Yesterday, Verizon announced that they are acquiring the cloud provider Terremark for $1.4 Billion According to Datacenter Knowledge,
Verizon will acquire colocation and cloud hosting provider Terremark for $1.4 billion in a deal that will accelerate the telecom provider’s push into cloud computing. Verizon will pay $19.00 in cash for each share of Terremark, about a 35 percent premium to the stock’s closing price of $14.05 a share.
This announcement got pundits all excited and my Twitter stream was full of it. I do find this deal interesting and a validation of public clouds but I am not super excited by this announcement and I also don’t see this as the beginning of a market altering trend. I will put forward my thoughts in this post.
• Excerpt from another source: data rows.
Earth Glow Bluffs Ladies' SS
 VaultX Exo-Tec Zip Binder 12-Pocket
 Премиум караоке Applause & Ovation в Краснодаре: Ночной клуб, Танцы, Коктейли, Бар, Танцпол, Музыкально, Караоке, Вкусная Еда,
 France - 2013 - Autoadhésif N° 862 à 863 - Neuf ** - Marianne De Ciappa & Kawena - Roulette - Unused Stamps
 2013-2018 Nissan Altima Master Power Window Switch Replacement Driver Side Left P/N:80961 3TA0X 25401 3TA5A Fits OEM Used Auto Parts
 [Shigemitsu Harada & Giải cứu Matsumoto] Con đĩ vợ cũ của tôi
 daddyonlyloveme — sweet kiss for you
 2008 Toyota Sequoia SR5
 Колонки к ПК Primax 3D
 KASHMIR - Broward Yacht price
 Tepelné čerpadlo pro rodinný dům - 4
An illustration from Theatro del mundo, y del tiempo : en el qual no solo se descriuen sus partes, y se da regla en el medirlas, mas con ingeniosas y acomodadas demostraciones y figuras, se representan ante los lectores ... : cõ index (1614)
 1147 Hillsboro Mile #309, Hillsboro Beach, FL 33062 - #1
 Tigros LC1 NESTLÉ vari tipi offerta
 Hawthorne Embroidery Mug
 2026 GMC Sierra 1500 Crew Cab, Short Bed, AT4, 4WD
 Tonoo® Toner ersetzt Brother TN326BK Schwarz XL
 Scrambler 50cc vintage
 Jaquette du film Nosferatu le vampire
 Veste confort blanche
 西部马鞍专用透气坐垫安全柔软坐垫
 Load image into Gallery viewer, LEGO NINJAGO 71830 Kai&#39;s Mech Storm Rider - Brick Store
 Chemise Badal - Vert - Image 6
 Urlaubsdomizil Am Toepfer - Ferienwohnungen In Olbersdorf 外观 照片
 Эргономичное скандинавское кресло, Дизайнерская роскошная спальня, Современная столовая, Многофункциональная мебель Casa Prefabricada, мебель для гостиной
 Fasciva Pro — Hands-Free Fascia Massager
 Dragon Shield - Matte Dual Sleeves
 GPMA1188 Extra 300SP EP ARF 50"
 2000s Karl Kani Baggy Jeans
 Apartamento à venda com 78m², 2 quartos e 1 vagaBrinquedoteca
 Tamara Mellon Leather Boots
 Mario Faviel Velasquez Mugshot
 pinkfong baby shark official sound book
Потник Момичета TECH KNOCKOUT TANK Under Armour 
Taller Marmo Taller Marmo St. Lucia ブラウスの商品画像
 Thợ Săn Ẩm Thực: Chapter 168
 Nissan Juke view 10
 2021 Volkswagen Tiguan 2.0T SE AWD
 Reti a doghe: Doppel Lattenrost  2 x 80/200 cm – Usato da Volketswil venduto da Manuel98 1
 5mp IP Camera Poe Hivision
First, a brief about yesterday’s news
As most of you know already, US based telecom provider Verizon yesterday announced that they are buying Terremark, VMware vCloud based public cloud provider. Terremark is one of the early players from the traditional hosting world who repositioned themselves to offer public cloud services. Unlike Amazon and Rackspace who rode the Xen hypervisor to Clouds, they went with VMware’s vCloud offering. This gave them instant enterprise credibility and helped them secure some high profile US federal government contracts.
This acquisition gives Verizon an opportunity to add public cloud services to their offerings. So far, Verizon has been a slow mover with respect to cloud and this will help them to be part of the cloud ecosystem and, if possible, use their brand to secure some big government and enterprise contracts. Especially, when the government is a big spender of IT and Obama administration has taken a cloud first approach, this moves puts Verizon’s mouth closer to the pie and I am sure they are expecting to get a larger share of the pie.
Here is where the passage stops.